• [Task instructions] Write out exactly the lines below starting at the one containing "2018 True GDM-41SL-48" and ending at the one containing "laundry room featuring". Omit every picture.
-------- Input data --------
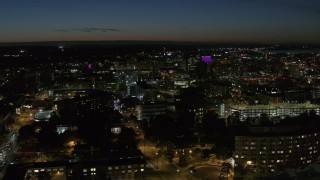 DX0002_215_016 - 5.7K aerial stock footage a view across Syracuse University at twilight to Downtown Syracuse, New York
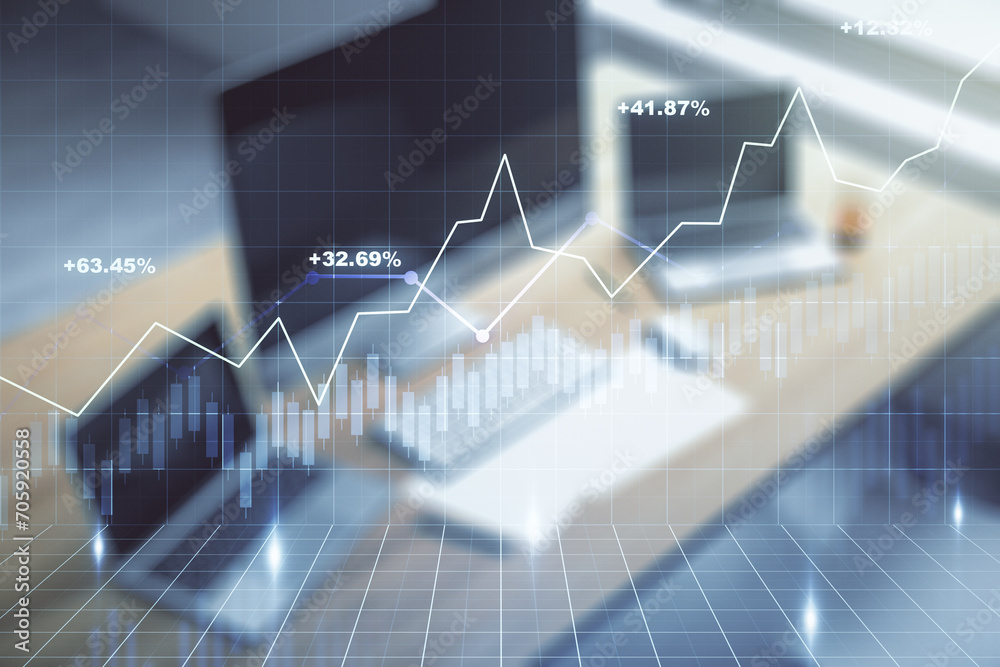 Multi exposure of abstract financial graph and modern desktop with pc on background, financial and trading concept Multi exposure of abstract financial graph and modern desktop with pc on background, financial and trading concept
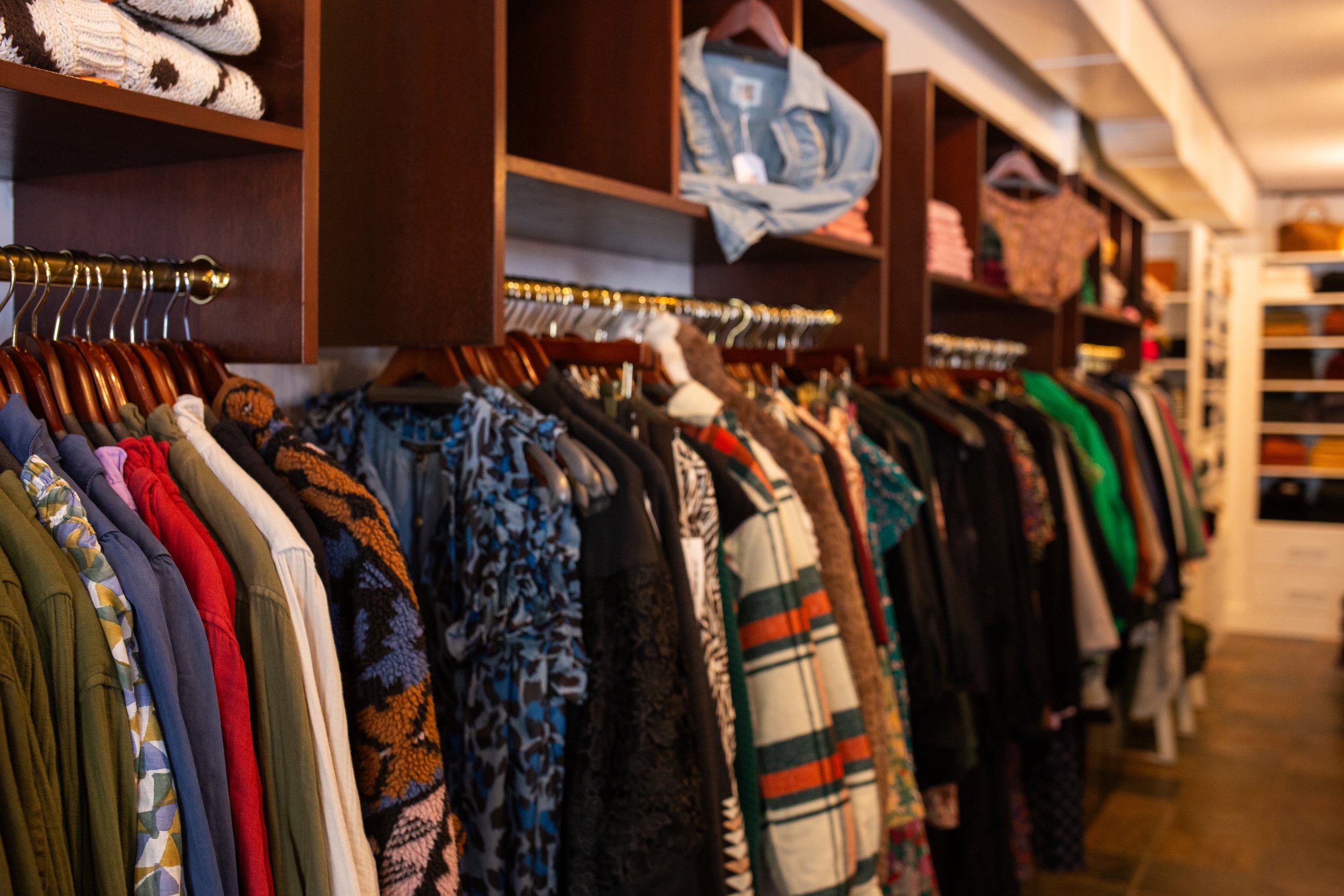 Inside Capucine's retail store showcasing various styles of clothing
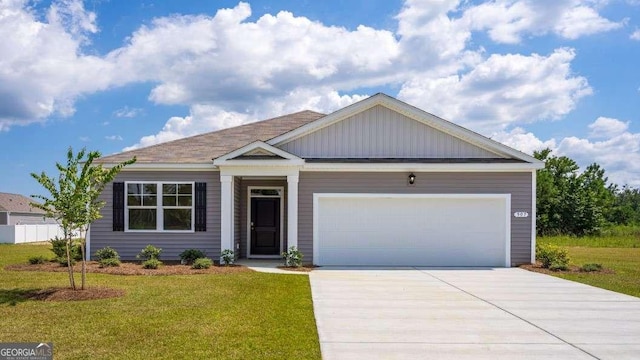 view of front of home with a garage and a front yard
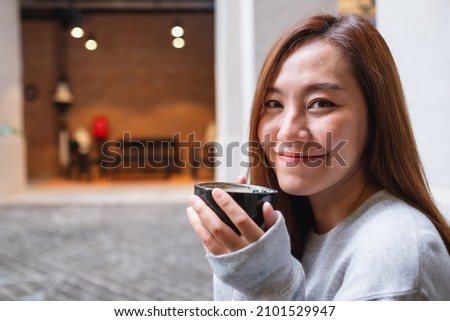 Portrait image of a young woman holding and drinking hot coffee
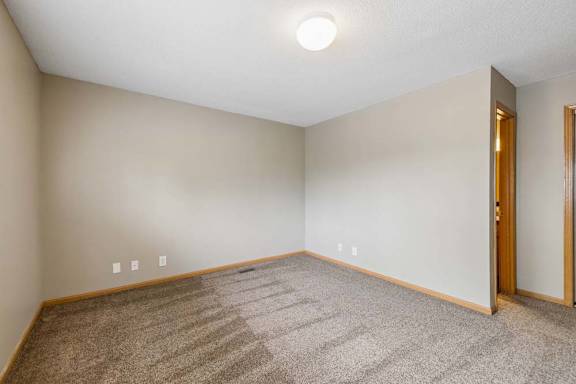 Empty apartment bedroom with neutral carpet, beige walls, wood trim, and an open doorway leading to the adjoining hallway.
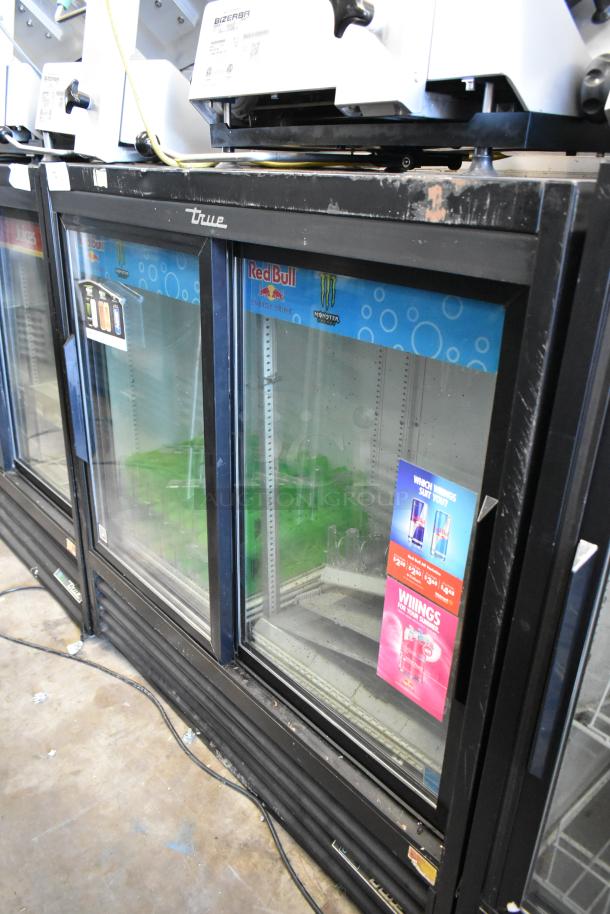 2018 True GDM-41SL-48 2 Door Cooler Merchandiser, glass front, metal frame, visible wear, Red Bull branding, 115V, 1 Phase.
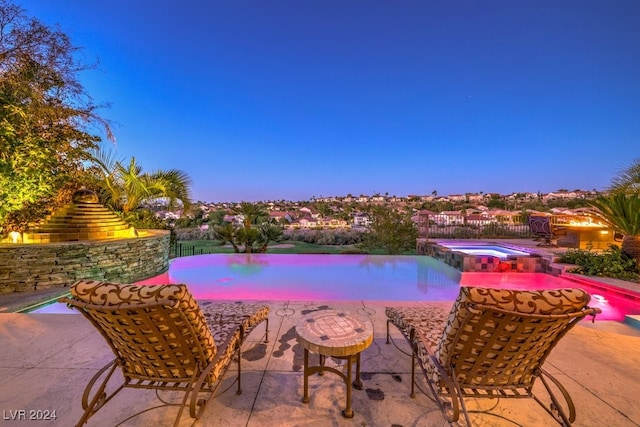 pool at dusk featuring an in ground hot tub and a patio area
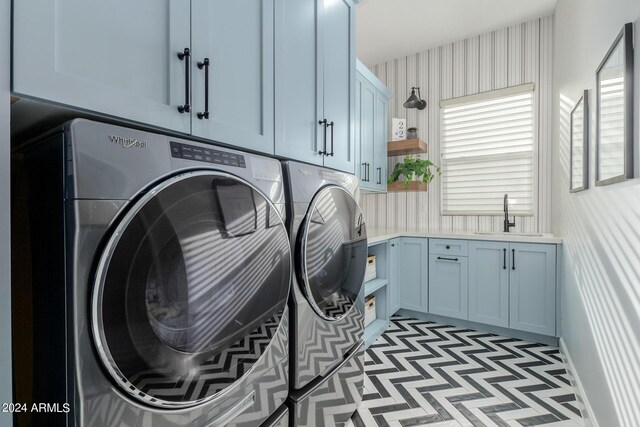 laundry room featuring cabinets, washer and clothes dryer, and sink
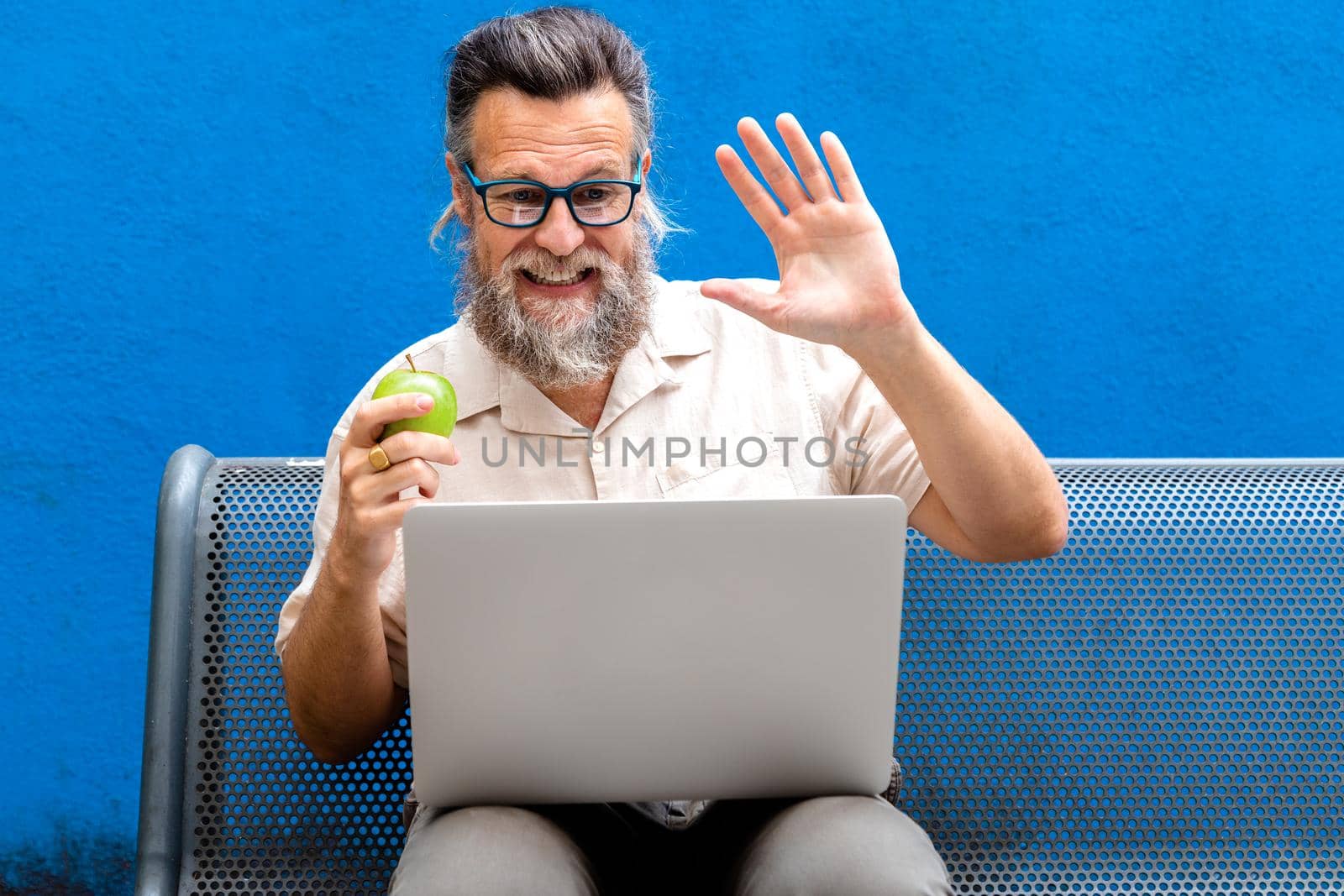 Mature caucasian man eating apple waving hello on a video call in park bench. Lifestyle and technology concepts.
--------
• [Output]
 2018 True GDM-41SL-48 2 Door Cooler Merchandiser, glass front, metal frame, visible wear, Red Bull branding, 115V, 1 Phase.
 pool at dusk featuring an in ground hot tub and a patio area
 laundry room featuring cabinets, washer and clothes dryer, and sink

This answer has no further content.